_Information shown:_

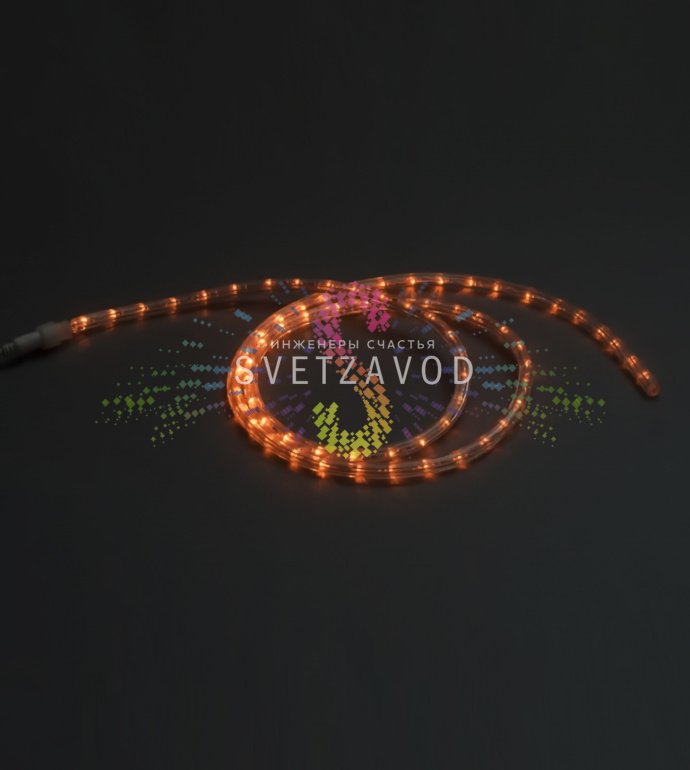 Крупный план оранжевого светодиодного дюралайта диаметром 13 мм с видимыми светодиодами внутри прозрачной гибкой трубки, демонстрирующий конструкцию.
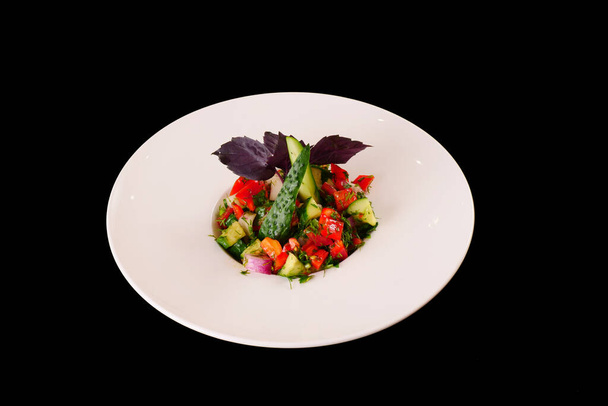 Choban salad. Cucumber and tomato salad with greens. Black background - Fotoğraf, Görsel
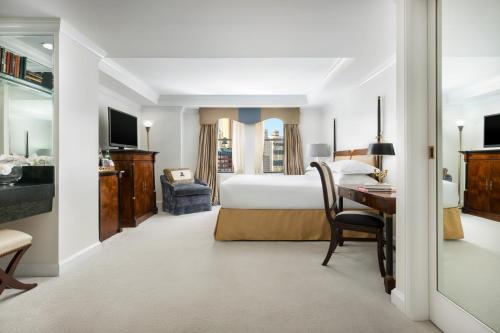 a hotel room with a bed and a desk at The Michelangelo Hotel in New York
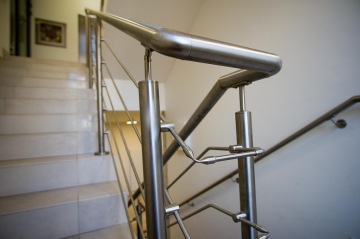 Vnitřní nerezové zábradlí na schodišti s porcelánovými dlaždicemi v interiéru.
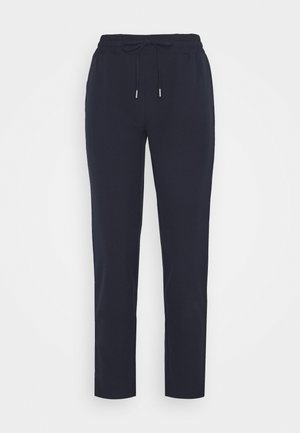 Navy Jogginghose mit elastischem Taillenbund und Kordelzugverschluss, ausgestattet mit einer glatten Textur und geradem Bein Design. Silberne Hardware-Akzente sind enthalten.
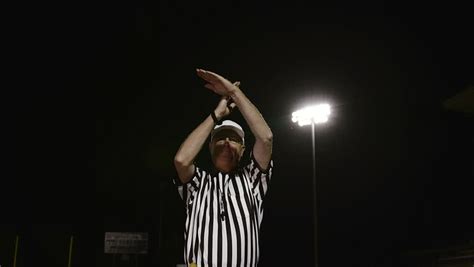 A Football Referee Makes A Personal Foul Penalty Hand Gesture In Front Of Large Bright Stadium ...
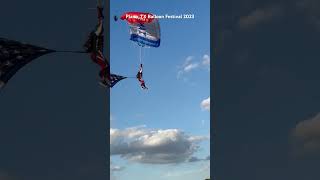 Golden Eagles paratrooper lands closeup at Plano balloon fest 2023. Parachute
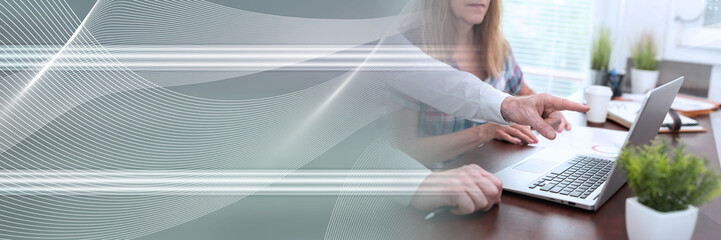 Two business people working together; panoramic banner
==
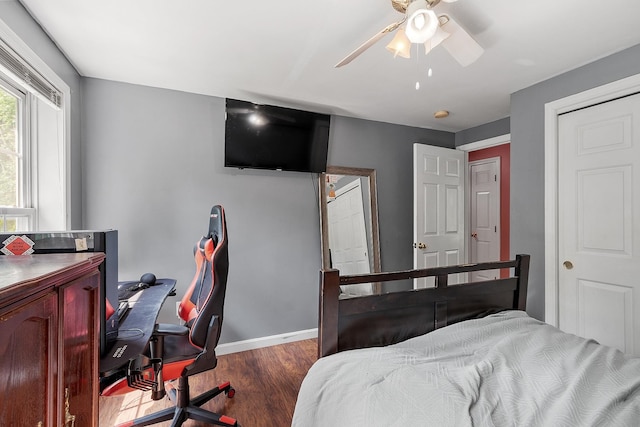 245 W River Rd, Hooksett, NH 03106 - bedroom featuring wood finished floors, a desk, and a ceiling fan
---
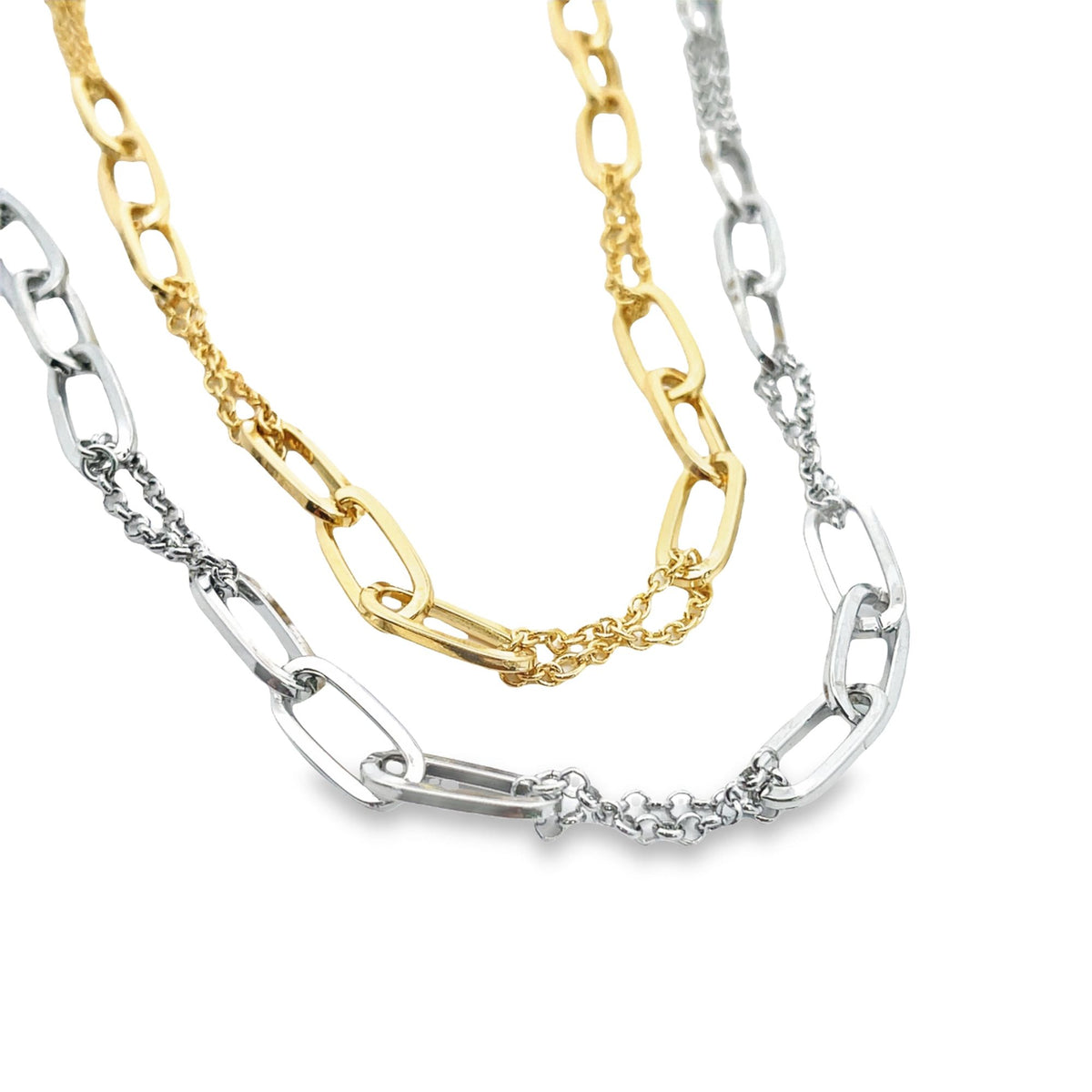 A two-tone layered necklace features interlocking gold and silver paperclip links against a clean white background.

_Aim of the task:_ Pictures excluded, transcribe the listing above exactly from the line with "A Football Referee" through the line with "Two business people", and no further.

_Result:_
 A Football Referee Makes A Personal Foul Penalty Hand Gesture In Front Of Large Bright Stadium ...
 Golden Eagles paratrooper lands closeup at Plano balloon fest 2023. Parachute
 Two business people working together; panoramic banner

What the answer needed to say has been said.